今回の投資配分変更のポイント
2024年7月の世界の株式市場を振り返ると、上旬はFRB(米連邦準備制度理事会)による利下げ期待の継続やハイテク企業の好業績見通しに後押しされ、各国の株式指数は堅調に推移しました。しかし、中旬に米政府による半導体貿易の規制強化報道や相次ぐ米大手IT企業の低調な決算発表を受けて、過熱感のあった業種・企業から資金の逆回転が始まり、下旬にかけて日米欧の株式市場はいずれも軟調に推移しました。
為替は、日米金利差の縮小を想像させる経済指標の発表や、それにタイミングを合わせる形で日本の通貨当局によるドル売り・円買い介入とみられる動きがあったことも相まって、7月10日を転機として円高が急速に進みました。
このような投資環境下において実施されたROBOPROの2024年8月(7月29日変更実施)の投資配分を解説します。
米国株式とハイイールド債券が新たに組み入れられる
今回の投資配分の変更では、不動産と米国債券の比率が減少した一方で金の比率が小幅に増加し、新たに米国株式とハイイールド債券が組み入れられました。結果的に、不動産、金、米国債券、米国株式、ハイイールド債券の比率順に5資産を保有するポートフォリオとなりました。

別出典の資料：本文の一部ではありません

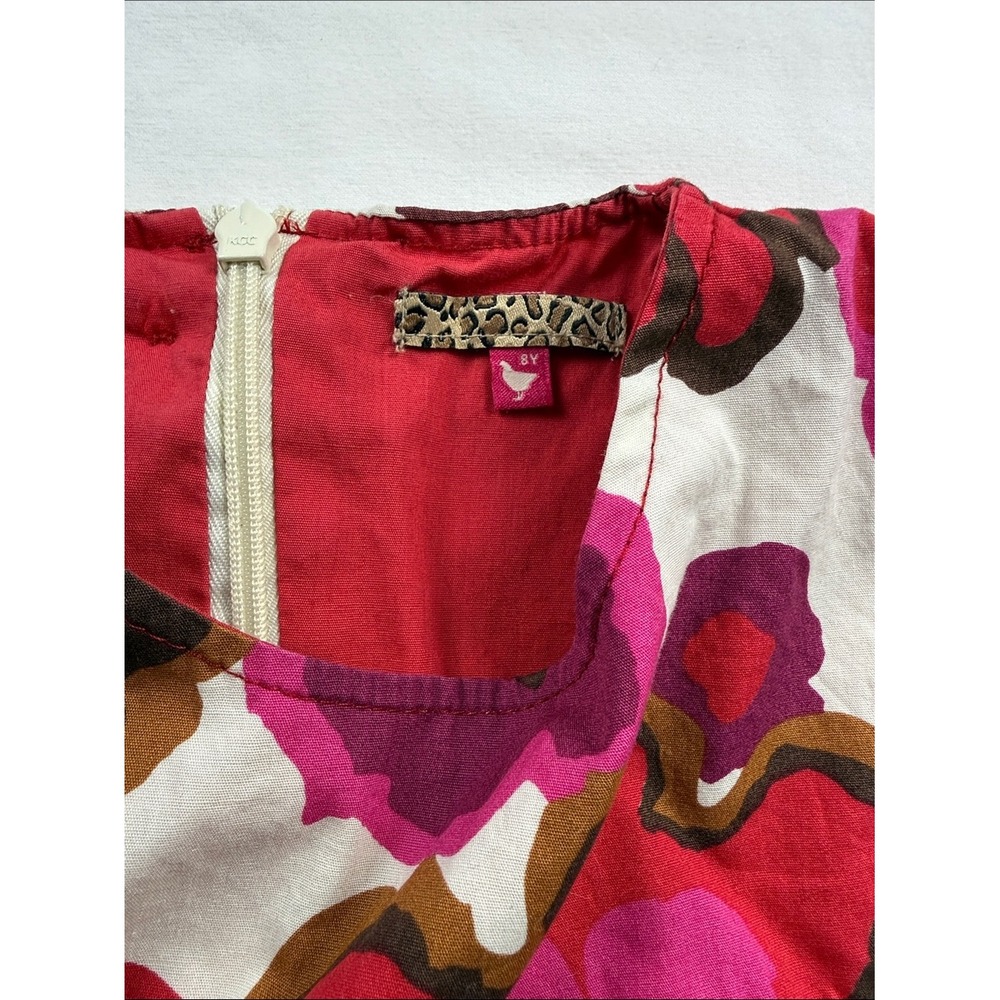 Pink Chicken Floral Dress Kids 8Y Multicolor Retro A-Line Boho Cotton - Picture 2 of 14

※上記投資配分について、2024年3月は3月1日、2024年4月は4月1日、2024年5月は4月30日、2024年6月は5月29日、2024年7月は6月28日、2024年8月は7月29日のそれぞれの変更時点の比率を示しています。
※円グラフおよび帯グラフの各数値は小数第2位以下を切り捨てて表示しているため、表示上の数値を合算しても100%にならず誤差が生じる場合があります。
保有資産の内訳を変更しつつも、攻守のバランスは維持
AIの予測の変化と最適ポートフォリオの更新
今回の投資配分の変更時におけるAI予測(8つの資産の将来のリターンに関する予測)では、全体としてはマーケットの見通しが改善する方向への変化が見られました。

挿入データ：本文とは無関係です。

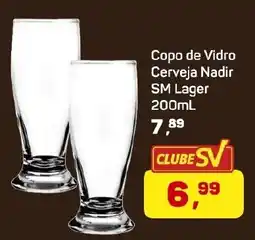 Supermercados São Vicente Copo de Vidro Cerveja Nadir SM Lager oferta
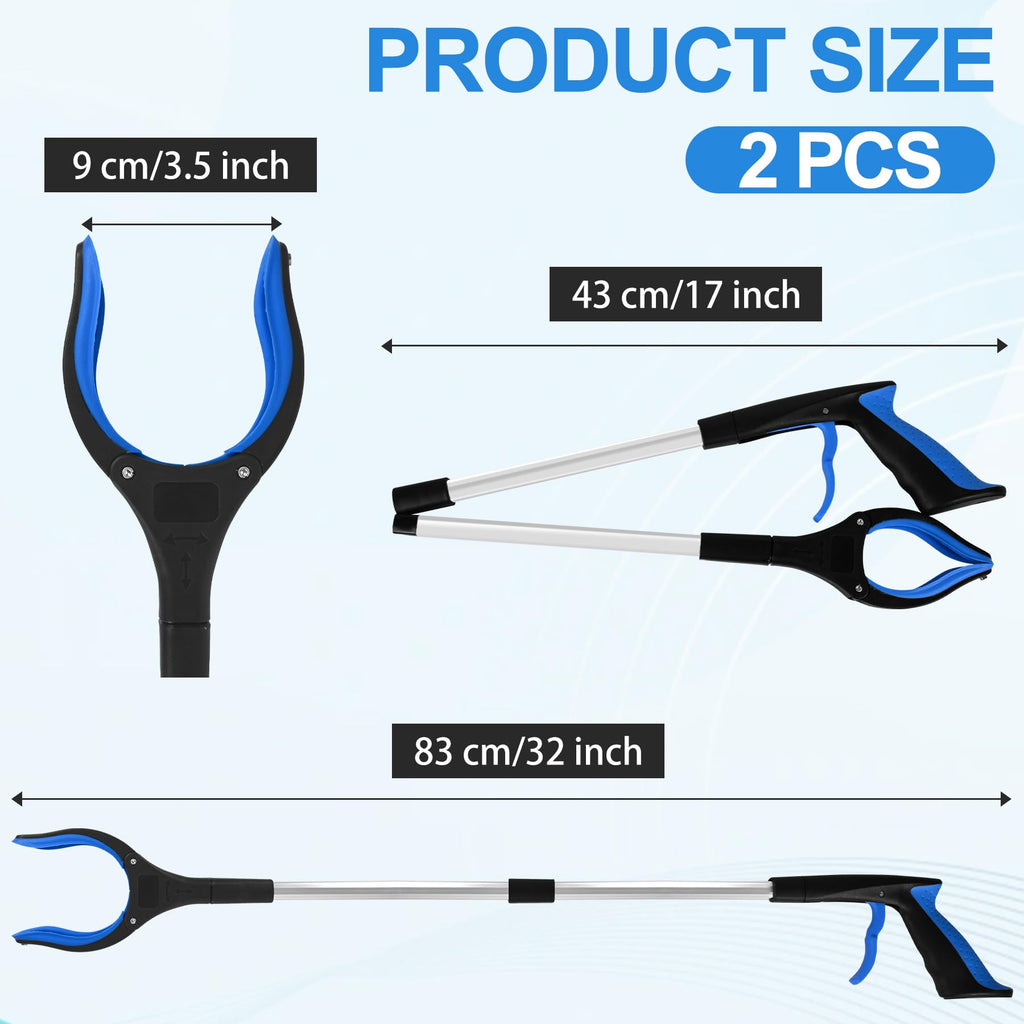 Tottist 2 Pack 32 Inch Commercial Trash Grabber for Elderly Assist, Heavy Duty Lightweight Reacher with Ergonomic Handle & Non-Slip Grip, Multi-Use Outdoor Home Garden Cleanup Mobility Aid Tool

前月と比較して、株式や債券の一部(米国株式、新興国株式、ハイイールド債券)のほか、金の見通しが改善しました。一方で、不動産や米国債券などについては見通しが後退し、他資産との比較でも劣後しました。
そしてその予測を踏まえてポートフォリオの最適化を行った結果、比較的リスクが高い資産である不動産の一部を米国株式に振り分け、両資産で5割弱としつつ、金や債券を5割強保有しており、前月からの攻守のバランスは維持する投資配分としました。
ポートフォリオの変更を踏まえてのFOLIOによる考察
今回の投資配分の変更においては、不動産と米国株式を全体の5割弱、米国債券およびハイイールド債券と金を合わせて5割強保有しており、保有資産の内訳を変更しつつ、攻めと守りのバランスは維持しました。

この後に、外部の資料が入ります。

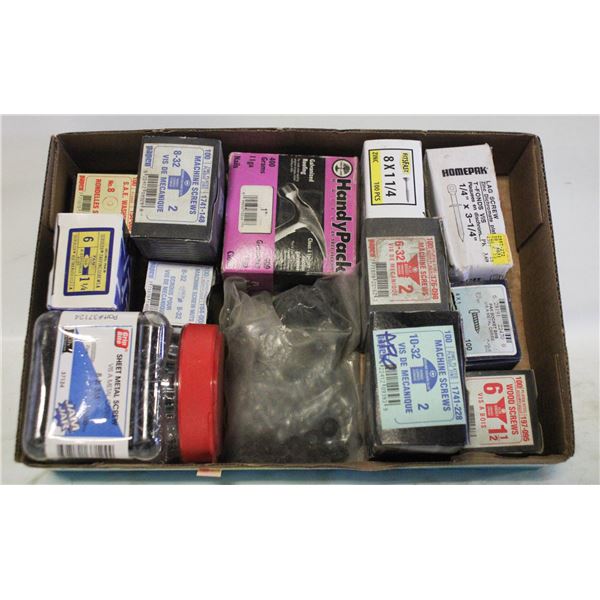FLAT OF BOXED SCREWS AND NAILS ETC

7月は米国で早期利下げの織り込みが進み、短期金利の低下基調が続きました。一般的に、短期金利の低下は株式市場への追い風となりますが、実際には7月中旬から下旬にかけて米国株式は下落し、結果的に割高感が一部解消される形となりました。一方でその間に前月から保有していた不動産は上昇しました。
ROBOPROはそのような値動きの違いを踏まえ、不動産を一部売却し、その資金の大半を米国株式にシフトしたと考えられます。
またマーケットデータを通じ、米大統領選に関する報道などを踏まえて市場の不確実性が高まっていることを捉え、一般に安全資産とされる金や米国債券の保有は比較的高位を維持したと考えられます。
これらの結果、ポートフォリオ全体として、市場全体への警戒感を維持しつつも、足もとの価格変動を反映して、主に割高となった資産から割安な資産へと入れ替える形で、攻めと守りのバランスを維持した投資配分としました。
なお、投資配分を不動産から米国株式、米国債券からハイイールド債に一部組み替えたことからも、攻守のバランスは概ね維持しつつAI予測によるマーケット見通しの改善を反映し、ポートフォリオ全体のリスク水準としては僅かに引き上げる方向へシフトしたことが見て取れます。
ROBOPROの投資配分の変更は基本的に月一回行われており(臨時リバランスを除く)、次の投資配分の変更は2024年8月29日の予定です(臨時リバランスが行われ、日程が前倒しされる可能性があります)。
2024年7月の運用実績は近く公開予定のパフォーマンスレポートでお伝えいたします。